Alzheimer's disease is a progressive neurodegenerative disorder characterized by the deposit of amyloid fibrils in the brain that result from the self-aggregative polymerization of the beta-amyloid peptide (Abeta). Evidence of a direct correlation between the ability of Abeta to form stable aggregates in aqueous solution and its neurotoxicity has been reported. The cytotoxic effects of Abeta have been attributed to the aggregation properties of a domain corresponding to the peptide fragment Abeta25-35. In an effort to generate novel inhibitors of Abeta neurotoxicity and/or aggregation, a mixture-based synthetic combinatorial library composed of 23 375 imidazopyridoindoles was generated and screened for inhibition of Abeta25-35 neurotoxicity toward the rat pheochromocytoma PC-12 cell line. The effect of the identified lead compounds on Abeta25-35 aggregation was then evaluated by means of circular dichroism (CD) and thioflavin-T fluorescence spectroscopy. Their activity against Abeta1-42 neurotoxicity toward the PC-12 cell line was also determined. The most active imidazopyridoindoles inhibited both Abeta25-35 and Abeta1-42 neurotoxicity in the low- to mid-micromolar range. Furthermore, inhibition of the random coil to beta-sheet transition and self-aggregation of Abeta25-35 was observed by CD and fluorescence spectroscopy, supporting the relationship between inhibition of the Abeta aggregation process and neurotoxicity.     

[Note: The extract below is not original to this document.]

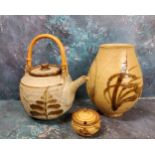 A Studio Pottery teapot, in the Cornish manner, bamboo handle, 30cm high, seal mark;  a similar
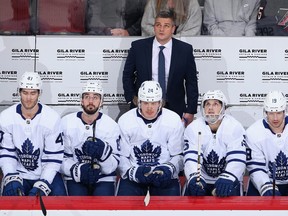 Head coach Sheldon Keefe of the Toronto Maple Leafs looks up from the bench during the first period of the NHL game against the Arizona Coyotes at Gila River Arena on November 21, 2019 in Glendale, Arizona. (Photo by Christian Petersen/Getty Images)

Amyloid-beta is an antioxidant for lipoproteins in cerebrospinal fluid and plasma

Amyloid-beta (Abeta) peptide, a major constituent of senile plaques and a hallmark of Alzheimer's disease (AD), is normally secreted by neurons and can be found in low concentrations in cerebrospinal fluid (CSF) and plasma, where it is associated with lipoproteins. However, the physiological role of Abeta secretion remains unknown. Here we show that at the concentrations measured in biological fluids (0.1-1.0 nM), Abeta(1-40) strongly inhibits autooxidation of CSF lipoproteins and plasma low density lipoprotein (LDL). At higher concentrations of the peptide its antioxidant action was abolished. Abeta(1-40) also inhibited copper-catalyzed LDL oxidation when added in molar excess of copper, but did not influence oxidation induced by an azo-initiator. Other Abeta peptides also possessed antioxidant activity in the order Abeta(1-40) > Abeta(1-42) > Abeta(25-35), whereas Abeta(35-25) was inactive. These data suggest that Abeta(1-40) may act as a physiological antioxidant in CSF and plasma lipoproteins, functioning by chelating transition metal ions.